**Data to process**
========
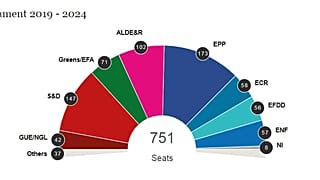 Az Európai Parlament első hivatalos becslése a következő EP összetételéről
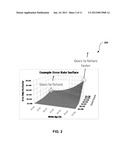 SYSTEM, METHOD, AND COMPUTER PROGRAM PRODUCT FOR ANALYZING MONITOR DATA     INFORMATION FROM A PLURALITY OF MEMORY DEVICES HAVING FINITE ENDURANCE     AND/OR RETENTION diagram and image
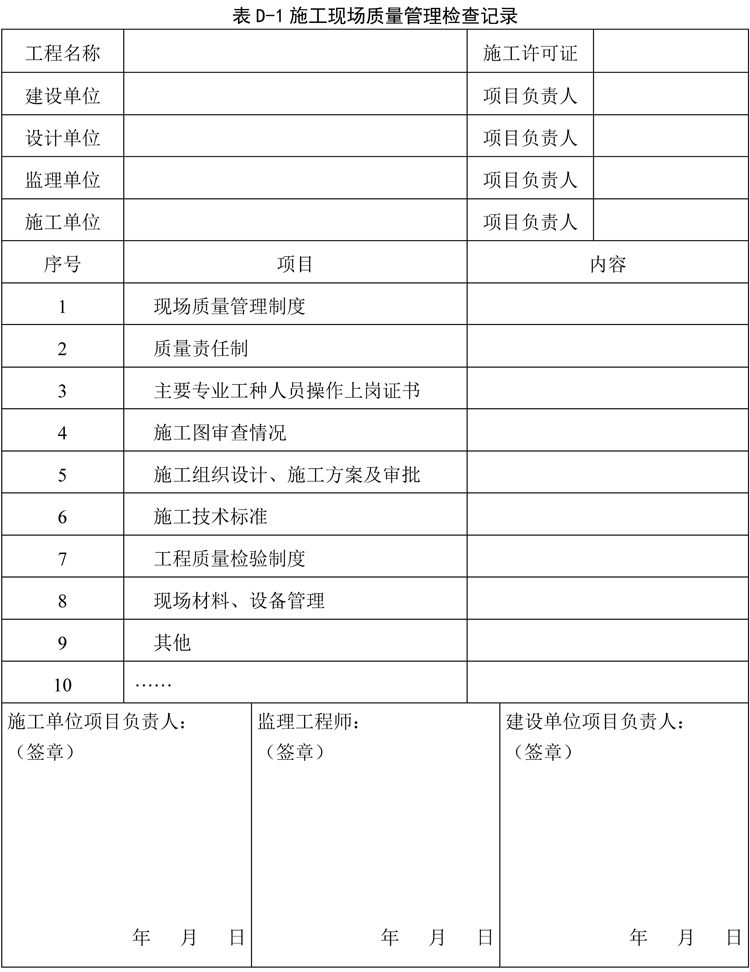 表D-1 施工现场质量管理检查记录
========
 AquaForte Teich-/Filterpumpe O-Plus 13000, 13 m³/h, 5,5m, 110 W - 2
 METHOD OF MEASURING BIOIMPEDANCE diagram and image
========
**Problem requirements**
Using the listing above, repeat word for word each line from the one with "Az Európai Parlament" down to the one with "表D-1 施工现场质量管理检查记录", both included. Omit all pictures.

**Task response**
 Az Európai Parlament első hivatalos becslése a következő EP összetételéről
 SYSTEM, METHOD, AND COMPUTER PROGRAM PRODUCT FOR ANALYZING MONITOR DATA     INFORMATION FROM A PLURALITY OF MEMORY DEVICES HAVING FINITE ENDURANCE     AND/OR RETENTION diagram and image
 表D-1 施工现场质量管理检查记录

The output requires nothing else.